Seriously, once shit starts to hit the fan, the film refuses to slow down. In fact, the rate at which Found Footage 3D accelerates itself into the territory of blood, guts and dread is so rapid, that you're given absolutely no time to prepare; with the time spent in these moments all but ensuring no chance to compose yourself either. It's exhilarating and terrifying, not unlike what I imagine being trapped in a speeding car, brake line severed and heading straight for a cliff, would feel like. If the first half or so of the film - with its strong characterization and plot development - was made to drop my guard, then I can say confidently that the second half, and all its paralyzing power, was made to jolt me straight into an early grave. This was - legitimately - one of the scariest close-outs to a horror film in some time; one I was thrilled to be blindsided by.
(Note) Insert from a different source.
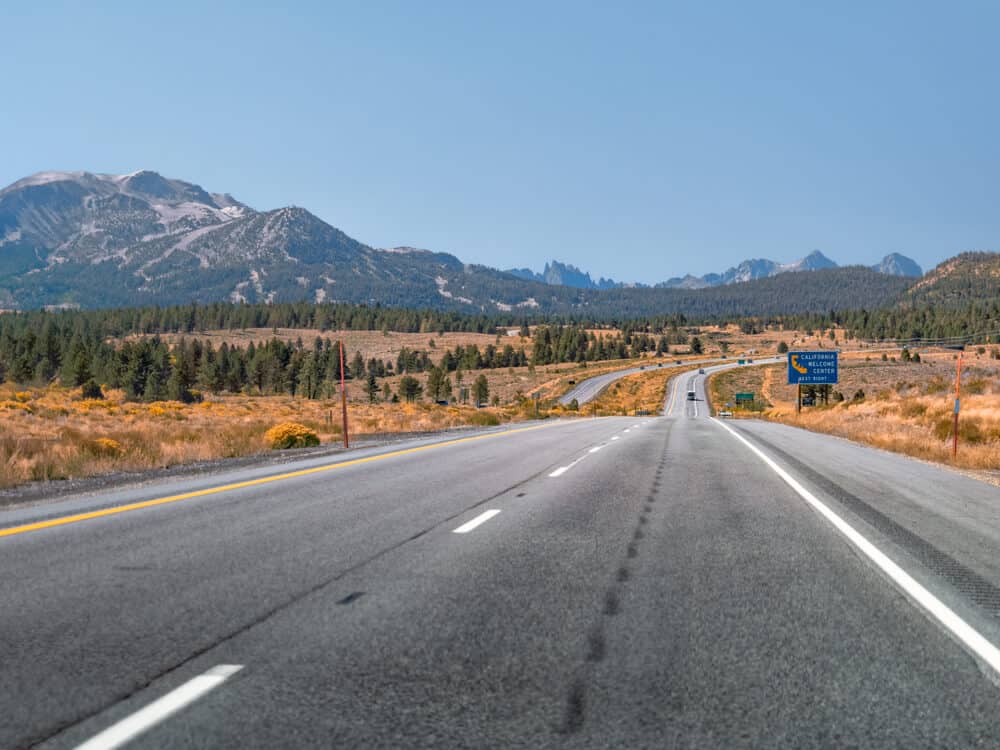 Divided highway, each with two lanes, going through the Eastern Sierra road tripping in California. Blue sky and trees surrounding.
Then there is of course the fact, that this found footage film is actually shot in 3D. Typically seen as a shoe-horned gimmick in pretty much every film not named Avatar, here, the mechanic is justified - cleverly - through the narrative itself. The aim both with and within the film, was to deliver something the sub-genre has yet to see, so the self-aware - meta - nature of it all worked perfectly in that regard. The effect itself is, well, effective! Unless you're completely adverse to wearing light plastic glasses, you'll find that all the horror-related strengths of Found Footage 3D, become amplified with this viewing format, so I definitely recommend watching it in this intended way. However, if you can't be convinced of the benefits (or happen to be physically incapable of viewing 3D images), there's always the 2D version which is still pretty good.
Now, the narrative justifications don't just apply to making things pop out of the screen. It's also used to poke fun at the sub-genre itself. Steven DeGennaro, and by extension the characters of Found Footage 3D, are very much aware of the tropes and cliches associated with horror films like these, so no beats are missed nor opportunities squandered when it comes to incorporating some healthy self-deprecating humor into the story. Additionally, this same self-aware humor can almost sort of work as a shield against criticism.
You see, making fun of yourself makes it harder for others to do it. Harder, but not impossible. While the film cleverly leverages the negative expectations and tropes of the found-footage sub-genre to its advantage, it still isn't impervious to that same criticism. For instance, there's a point early on in the film where the cast and crew discuss the pros and cons of practical FX vs CG, and how their own budget certainly wouldn't allow for high quality use of the later. Unfortunately they are right, and some moments that show a little too much of the evil "Spectre", also show a little too much of the budgetary limitations. Thankfully it's only a couple times, and Found Footage 3D recovers it's atmosphere very quickly, so no time is wasted in getting the ever-loving shit scared out of you. In 3D.